Latin American countries back Venezuela
Venezuela has some of the world’s largest oil reserves, with over 800,000 barrels exported to the US on a daily basis. As the capitalist crisis bites, the US is ever more desperate to regain political control over its backyard and guarantee its energy needs. Sections of the ruling class are demanding ‘targeted sanctions’. At the behest of the US, Panama convened an emergency meeting of the Organisation of American States with the aim of achieving regional backing for foreign intervention in Venezuela.
Despite these attempts, in March 29 OAS states supported a declaration expressing ‘solidarity with the people and government of Venezuela’ and respect for ‘the principle of non-intervention’. Only the US, Canada and Panama voted against. Panama contains the Colon Free Trade Zone which operates the Panama Canal and functions as a huge port for the Americas. In 2012, Venezuela imported around $1.7bn of goods from Panama, predominantly through the private sector. Panama has long been a popular destination for currency scams and a safe haven for rich Venezuelan exiles.

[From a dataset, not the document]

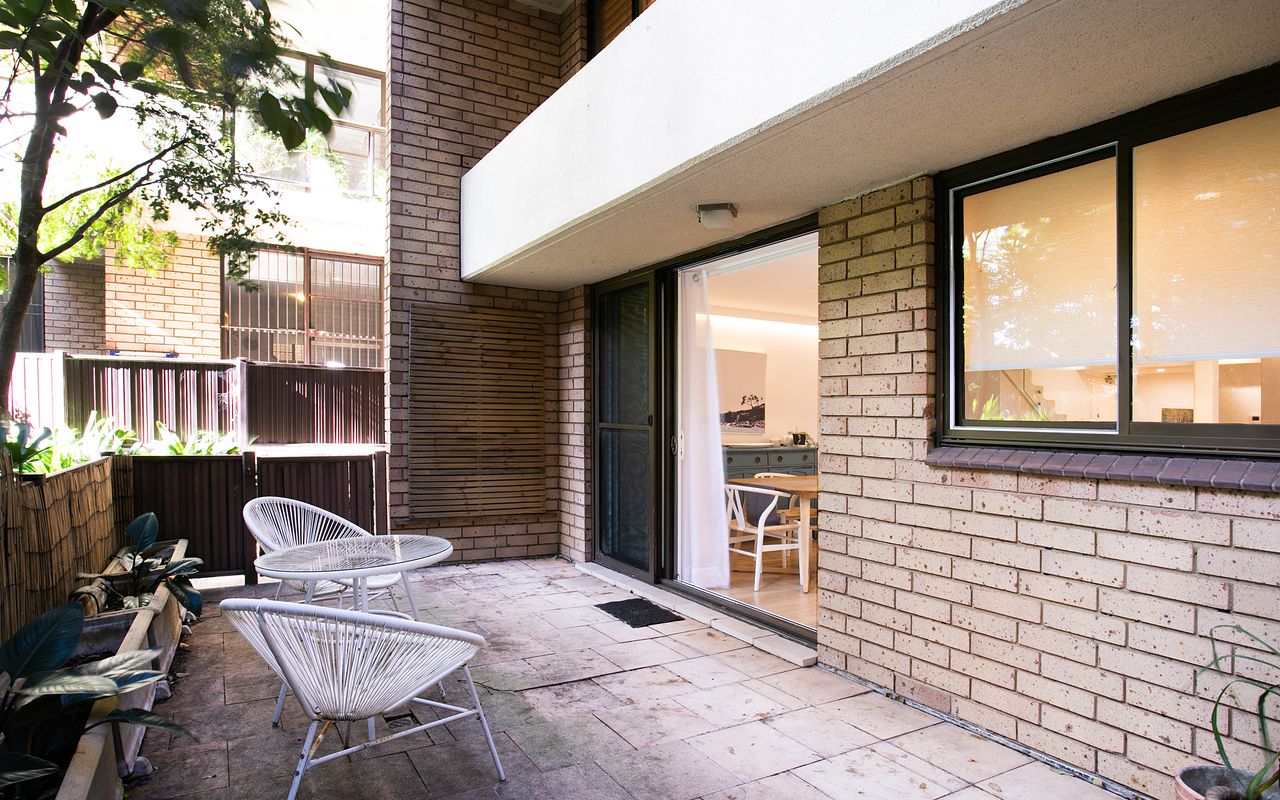 Tewkesbury Courtyard, Darlinghurst I90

In contrast to the US and its Panamanian lackey, Latin America has emerged more united than ever to back the Bolivarian Revolution. Regional initiatives including UNASUR, MERCOSUR and ALBA have denounced the violent coup tactics, restating their opposition to foreign intervention and respect for Bolivarian democracy. Other radical students in Latin America have distanced themselves from the Venezuelan protests. For example, the Chilean Federation of University Students, which fought against the Pinochet dictatorship in the 1970s and played a key role in Chile’s recent protests, stated: ‘We reject any attempt at destabilisation, hoarding of food and coup-mongering that aims to bypass the sovereign decisions of the people of Venezuela…Similarly, we don’t feel represented by the actions of Venezuelan student sectors that have taken the side of the defence of the old order’.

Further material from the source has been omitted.